PHI-base / data

Archives of PHI-base data releases, and other data.
Creative Commons Attribution 4.0 International
7 stars 7 forks source link

Add lists of PHI-Canto pathogen and host strains #11

Closed CuzickA closed 2 years ago

CuzickA commented 2 years ago

Required for moving forward with PHI-Canto roll out and manuscript preparation.

CuzickA commented 2 years ago

@jseager7 are the strain lists generated from the latest PHI-base 4.12 release?

jseager7 commented 2 years ago

The PHI-Canto strain lists were last updated in April 2021, so I'm guessing not. I think the strain lists diverged from PHI-base a lot more than the species lists because there were lots of strains that weren't suitable for curation.

It would make sense to repurpose my PHI-base strain cleaning pipeline so that it can generate a PHI-Canto strain list from subsequent PHI-base releases, but that depends on how many more PHI-base v4.x releases are going to be made.

Any option could take some time because I'd have to manually compare the values between PHI-Canto and PHI-base v4.12. I can use scripts to speed up some comparisons but I'd still have to write rules for the strains that should be excluded or renamed, where synonyms should be added, etc.

CuzickA commented 2 years ago

Hmmm there will definitely be a PHI-base 4.13 release in ~May 2022 and possibly a 4.14 release in ~Nov 2022 dependant on the status of the PHI4 -> PHI5 data migration. MC curated data from 4.14 may be able to be loaded directly into PHI5.

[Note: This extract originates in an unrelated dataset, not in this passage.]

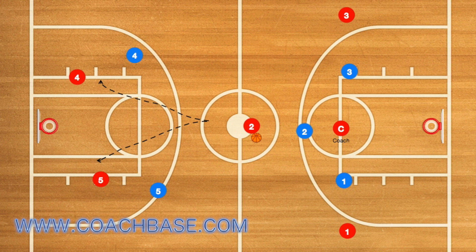Player two will then have an option to pass to four or five. This is what you're aiming for — a very quick basket. It is a drill, but it is also usable during a game.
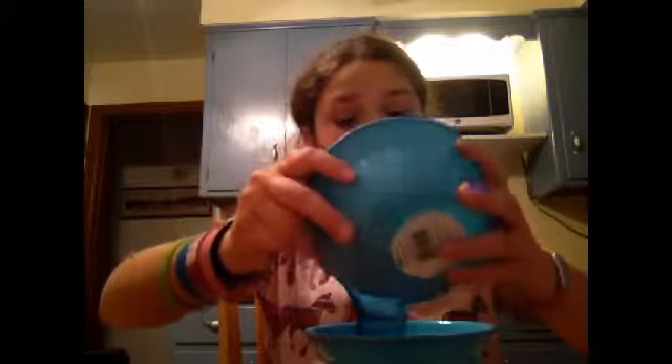The next step is to grab a cup of water and put it into your bowl. Now take a teaspoon of borax and add it to the water. Mix your borax and water, and make sure to mix it very well so you can't see the borax anymore.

For the PHI-Canto manuscript it would be nice to have all the lists up-to-date for the PHI-base 4.12 release.

jseager7 commented 2 years ago

Okay, I'll make sure that the new strains are merged before the manuscript is submitted.

jseager7 commented 2 years ago

I'll also make sure they're available in PHI-Canto by the time they're uploaded here.

jseager7 commented 2 years ago

The strain lists have been added by commit 36100324cea71c2cbae28bd4c7a679166ae21c26.